Short descriptive text snippets:
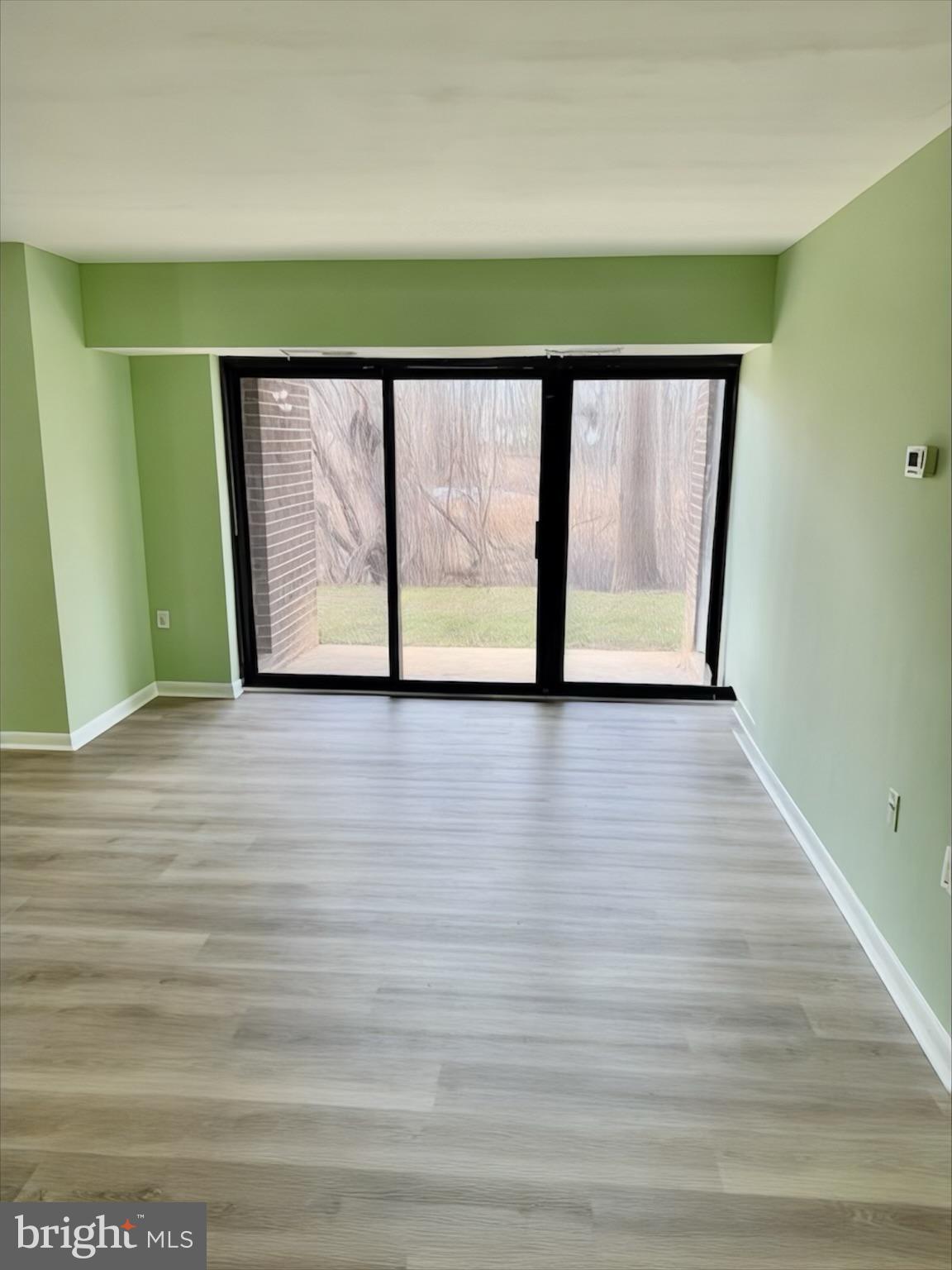 15712 Dorset Road, Unit 198 Laurel, MD 20707 - Photo 11 of 35 a view of an empty room with wooden floor and a window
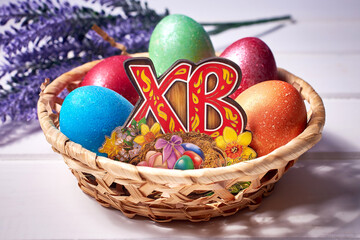 A small basket with colorful painted eggs and a bouquet of lavender on a white wooden background. Russian letters 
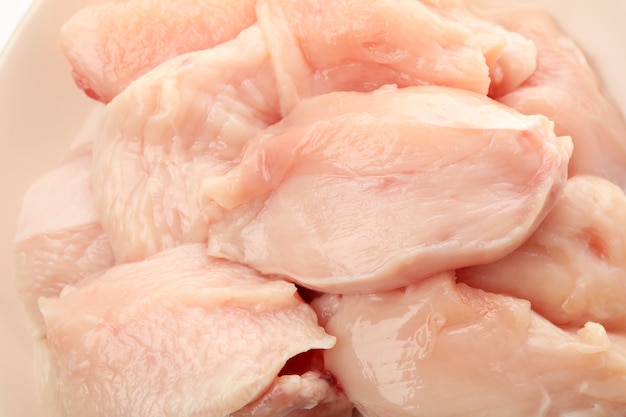 Raw chicken meat on whole space, close up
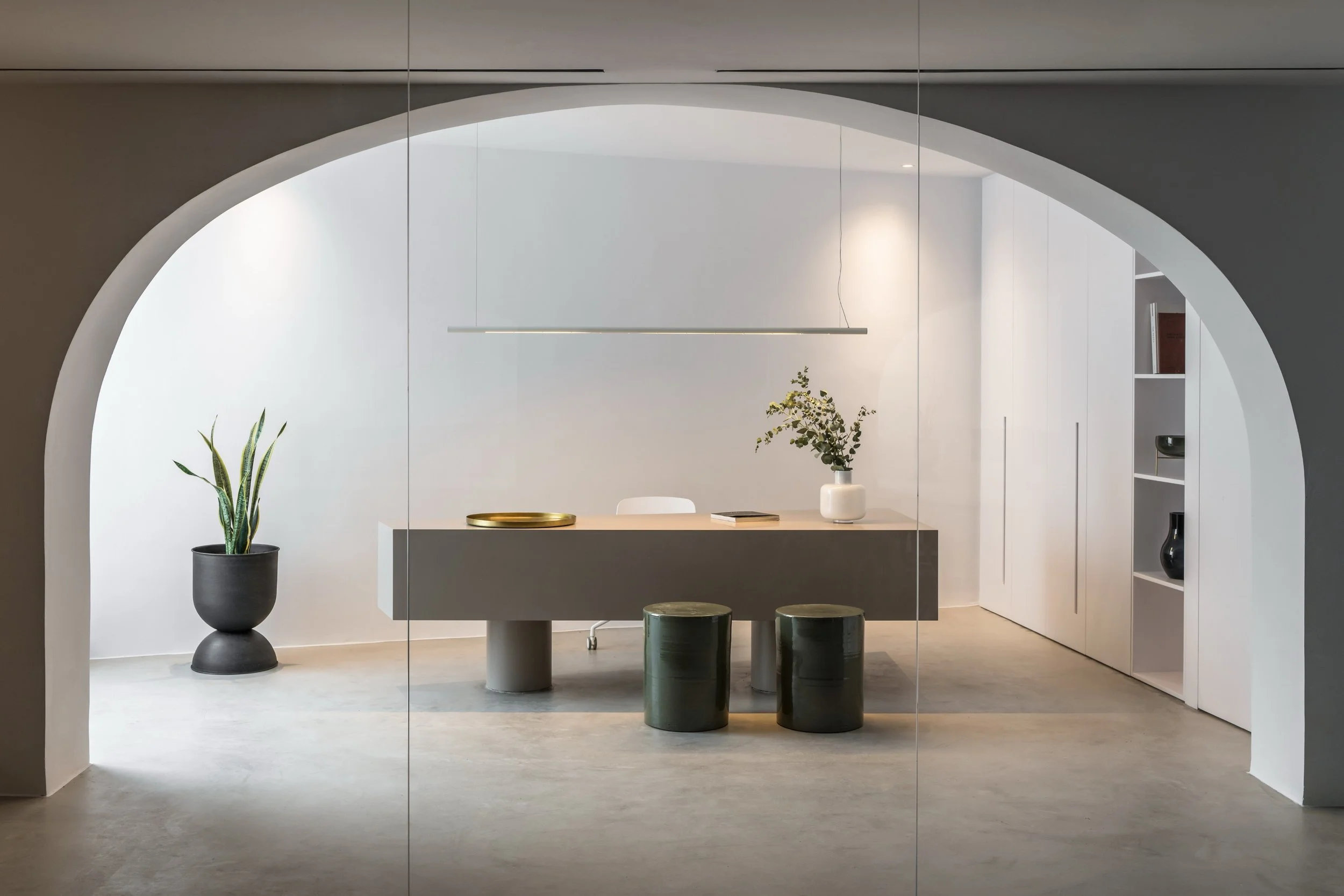 Minimalist interior space featuring a white and grey dining or work table with green and white stools, a potted plant, a white vase with greenery, a gold tray, a book, and a sleek hanging light fixture, framed by an arched entryway.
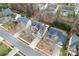 An aerial view of the neighborhood with mature trees lining a quiet residential street at 1017 Anduin Falls Dr, Charlotte, NC 28269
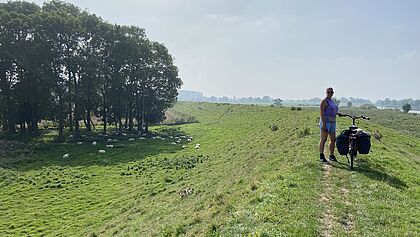 Radfahrerin auf dem grünen Deich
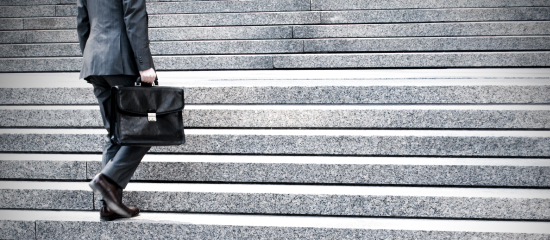 A man in a suit climbing some concrete stairs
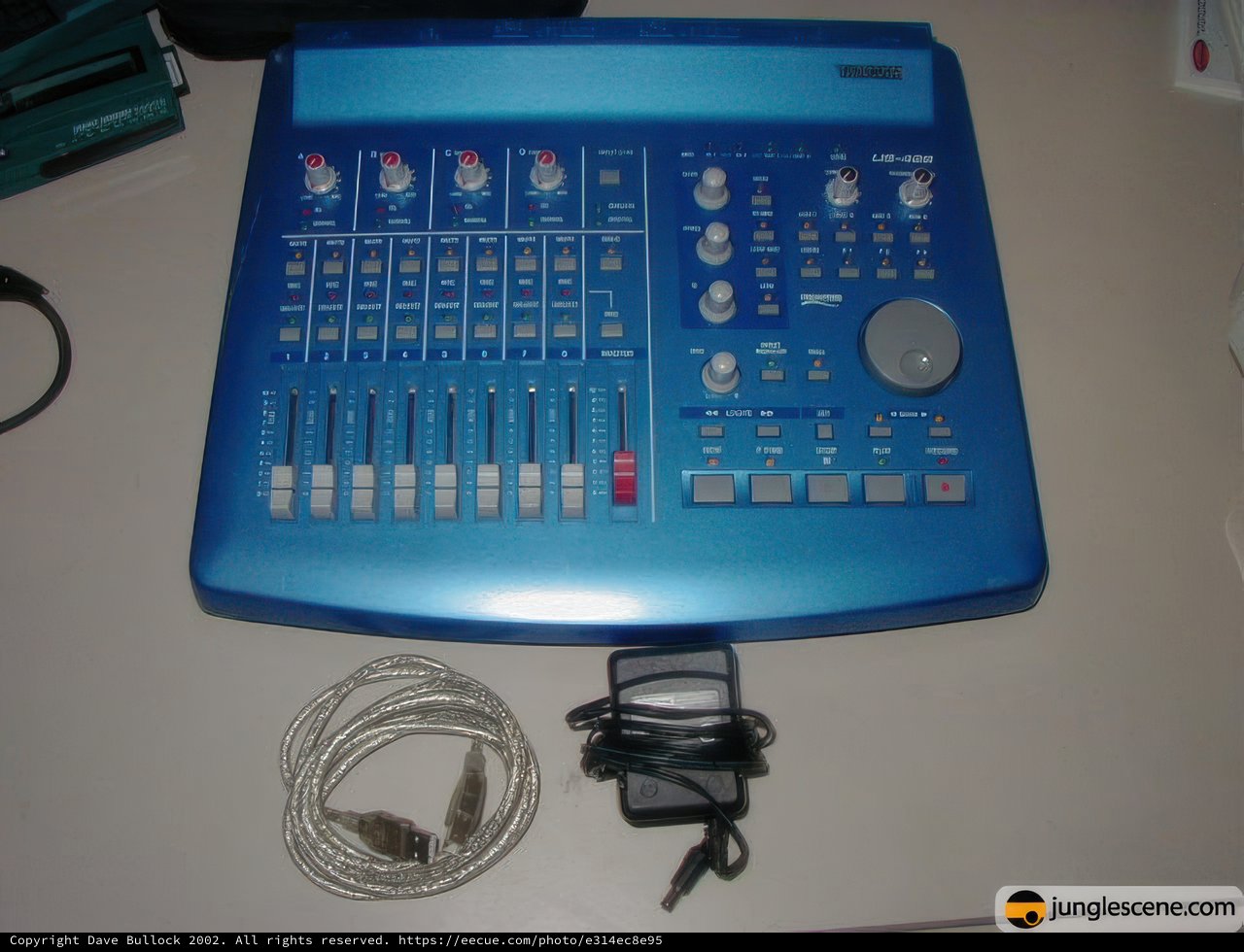 Blue Mixer with Electronic Equipment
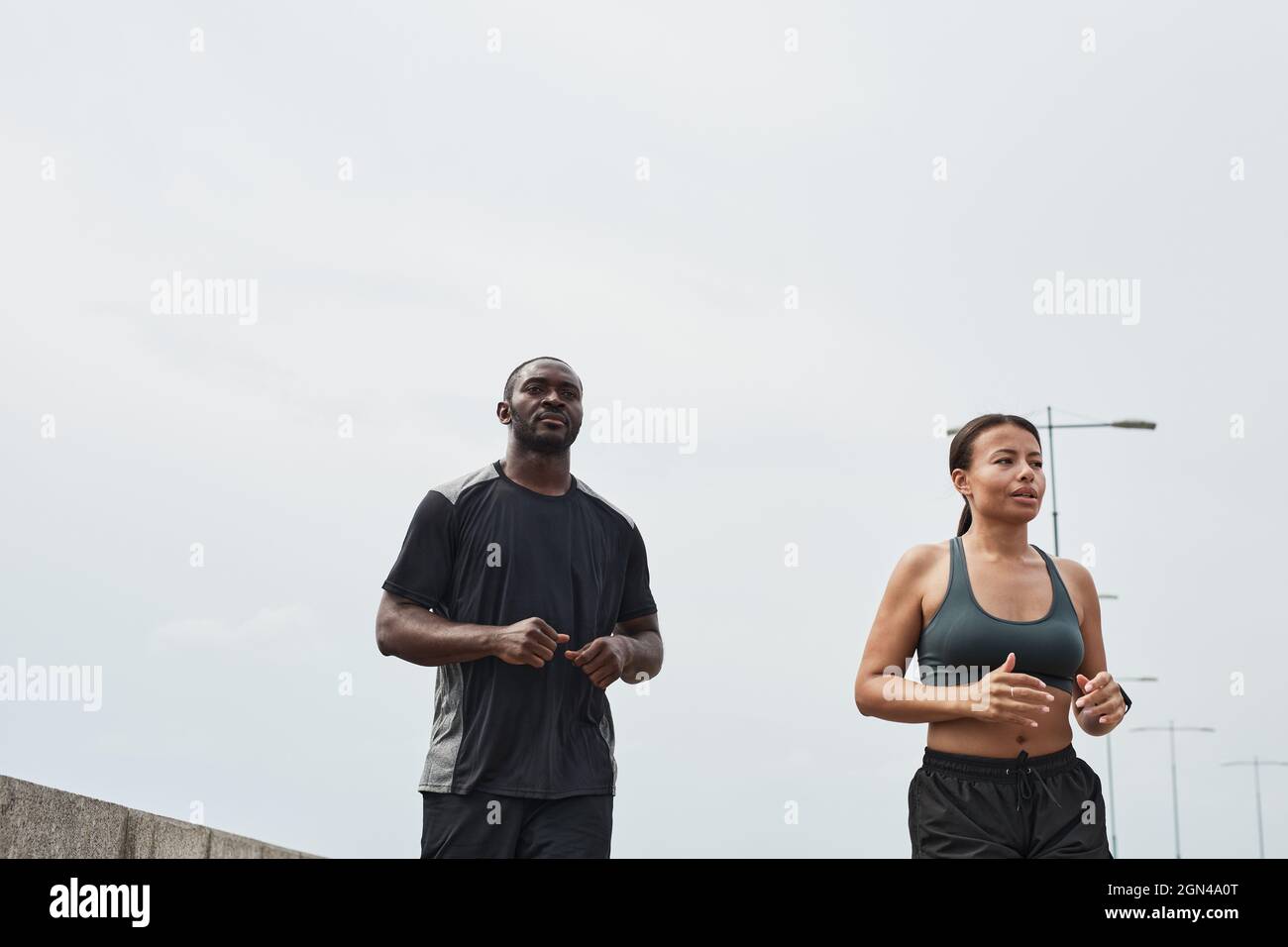 Pareja joven africana corriendo juntos por la mañana al aire libre contra el cielo azul Foto de stock
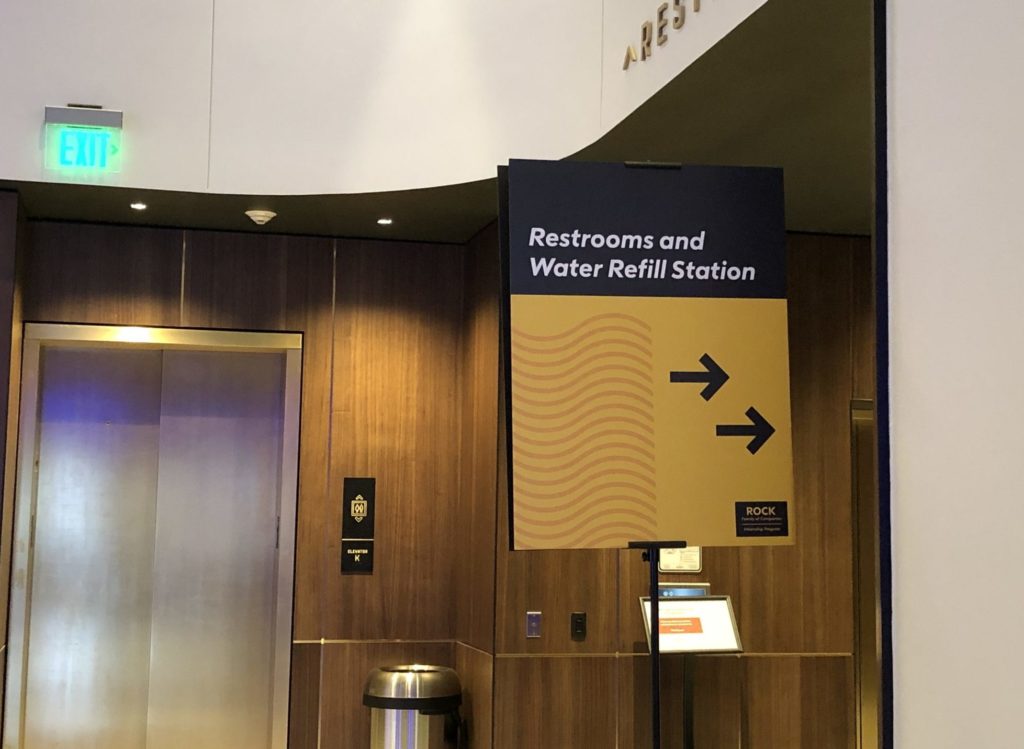 photo of a wayfinding sign that reads, "restrooms and water refill station"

# AIM OF THE EXERCISE:
Where pictures sit among the data above, omit them, and output the rest exactly.

# OUTPUT OF THE TASK:
 15712 Dorset Road, Unit 198 Laurel, MD 20707 - Photo 11 of 35 a view of an empty room with wooden floor and a window
 A small basket with colorful painted eggs and a bouquet of lavender on a white wooden background. Russian letters 
 Raw chicken meat on whole space, close up
 Minimalist interior space featuring a white and grey dining or work table with green and white stools, a potted plant, a white vase with greenery, a gold tray, a book, and a sleek hanging light fixture, framed by an arched entryway.
 An aerial view of the neighborhood with mature trees lining a quiet residential street at 1017 Anduin Falls Dr, Charlotte, NC 28269
 Radfahrerin auf dem grünen Deich
 A man in a suit climbing some concrete stairs
 Blue Mixer with Electronic Equipment
 Pareja joven africana corriendo juntos por la mañana al aire libre contra el cielo azul Foto de stock
 photo of a wayfinding sign that reads, "restrooms and water refill station"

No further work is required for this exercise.